The right to assess a tax is generally subject to a limitation period of five years pursuant to section 207 (1) and (2) of der Federal Fiscal Code (Bundesabgabenordnung - “BAO”). As a rule, the limitation period for the assertion of a tax claim begins at the end of the year (31 December) in which the tax accrued (section 208 BAO).
However, if the tax authority undertakes “outwardly recognisable official acts” within the limitation period to assert the tax claim or to determine the person liable to tax, the limitation period shall be extended by one year. The limitation period shall be extended by a further year in each case if such official acts are undertaken in the last year of the extended limitation period. This may extend the limitation period up to the absolute limitation of ten years (section 209(3) BAO).
Therefore, the interpretation of the term "outwardly recognisable official acts to assert the tax claim" is decisive for the limitation period. The BFG recently dealt with this issue (BFG 18 March 2022, RV/7105826/2017).
In 2010, several persons acquired real estate. At the beginning of 2011, the real estate transfer tax was self-assessed. In mid-December 2015, the competent tax office prepared an extract from the land register and printed out the purchase contracts from the collection of deeds in the land register. On the same day, the tax office sent a general request to the project company, stating a tax account number, asking for notification of the buyers and the status of the (final) settlements. At the end of 2016, the tax office assessed the real estate transfer tax differently from the self-assessment. The taxpayer filed an appeal.
Decision of the BFG
According to the BFG, the right to assess the real estate transfer tax was already time-barred at the end of 2015. Neither the land register query or the printout of the purchase contracts nor the inquiry to the taxpayer were "outwardly recognisable official acts to assert the tax claim".
The Supreme Administrative Court (Verwaltungsgerichtshof – “VwGH”) had already taken the view that the download of commercial register extracts by the tax authority cannot extend the limitation period (cf. VwGH 7 Sept 2006, 2006/16/0041). According to the established case law of the Administrative Court, the effect of an extension requires the assertion of a specific tax claim (cf. Administrative Court 28 March 2014, 2010/16/0176).
In the opinion of the BFG, the request to the project company at the end of 2015 did not constitute an official act extending the limitation period either, because the request had no relation to the assertion of a specific tax claim. In the specific case, it was not even recognisable that the request concerned real estate transfer tax; it could also have concerned VAT or income tax.
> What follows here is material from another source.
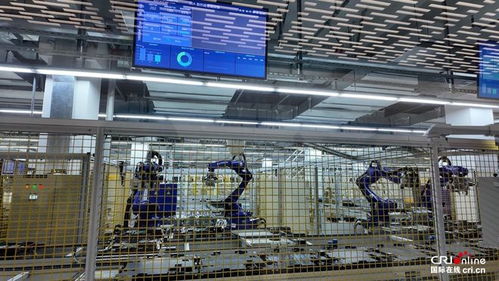 青春華章 走進(jìn)天津天開園，感受新質(zhì)潮涌中的攝影擴(kuò)印服務(wù)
It is not sufficient that an act, viewed in retrospect, proves to be "also" suitable for the tax claim ultimately asserted by the authority with the notice (BFG 18 March 2022, RV/7105826/2017 with reference to VwGH 7 September 2006, 2006/16/0041, and VwGH 17 May 2001, 2000/16/0602). It must be clear in advance which tax claim is being asserted so that official acts can be reviewed and legal peace can be achieved with the expiry of the statute of limitations (cf. VwGH 4 Sept 2008, 2007/17/0222).